#### [DIRECTIONS]
Reproduce every line of the material below, but drop the pictures.

#### [COLLECTED DATA]
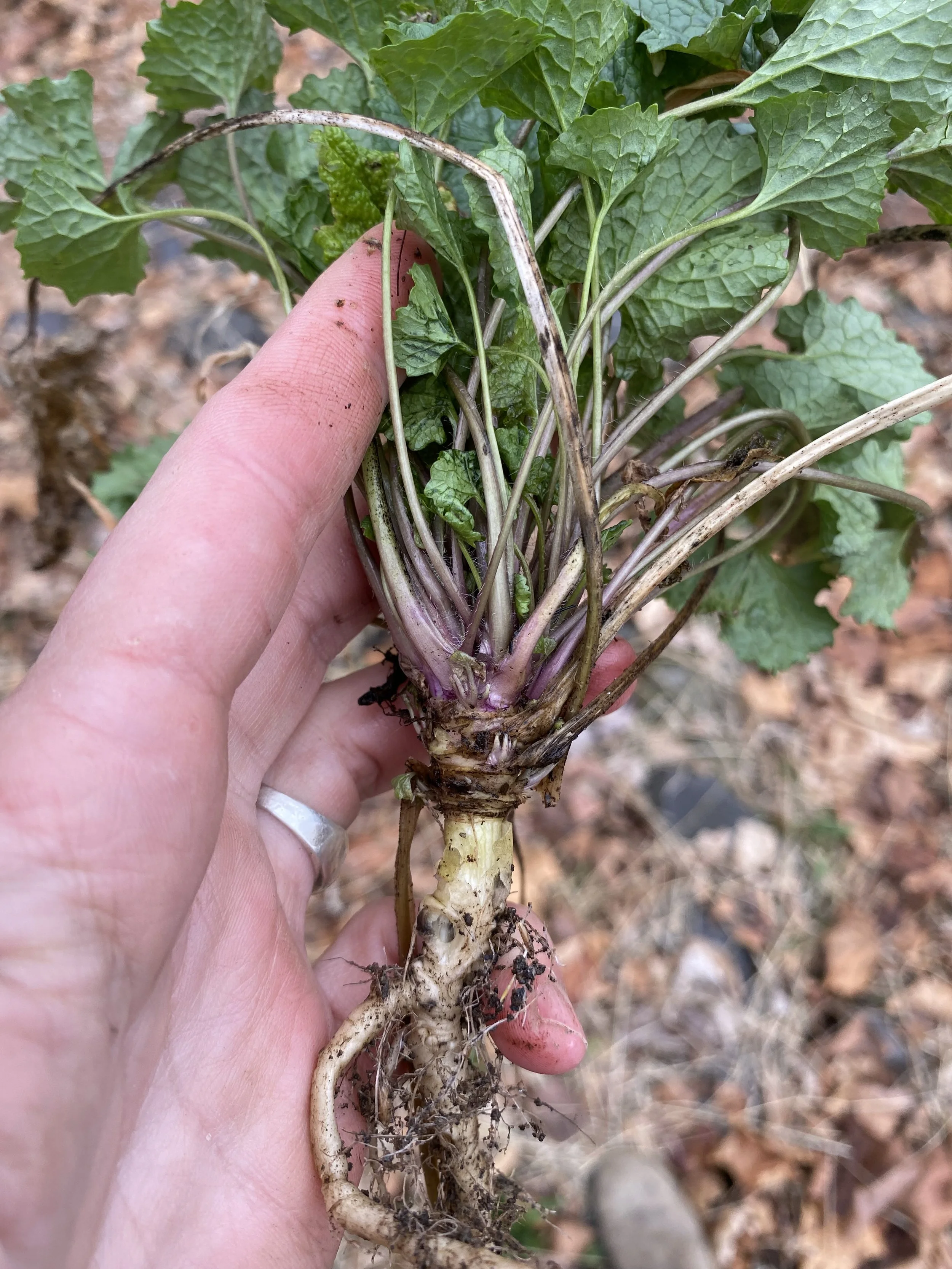 Spring Roots and Shoots , $55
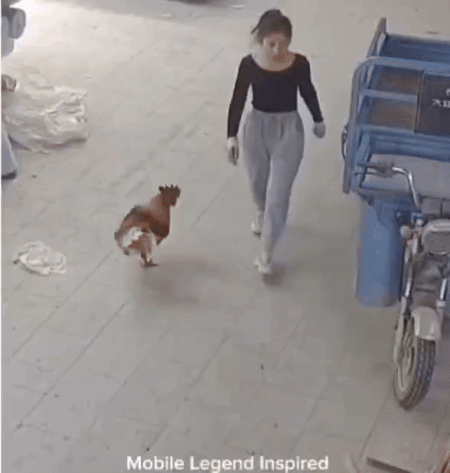 1790735606_a89f2509a91026231e56.gif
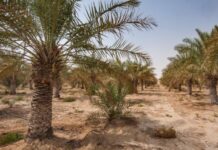 Morocco’s annual dates output targets 300,000 tons by 2030 Morocco’s annual dates output targets 300,000 tons by 2030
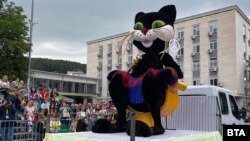 Една от котките, участващи в шествието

#### [EXERCISE OUTPUT]
 Spring Roots and Shoots , $55
 1790735606_a89f2509a91026231e56.gif
 Morocco’s annual dates output targets 300,000 tons by 2030 Morocco’s annual dates output targets 300,000 tons by 2030
 Една от котките, участващи в шествието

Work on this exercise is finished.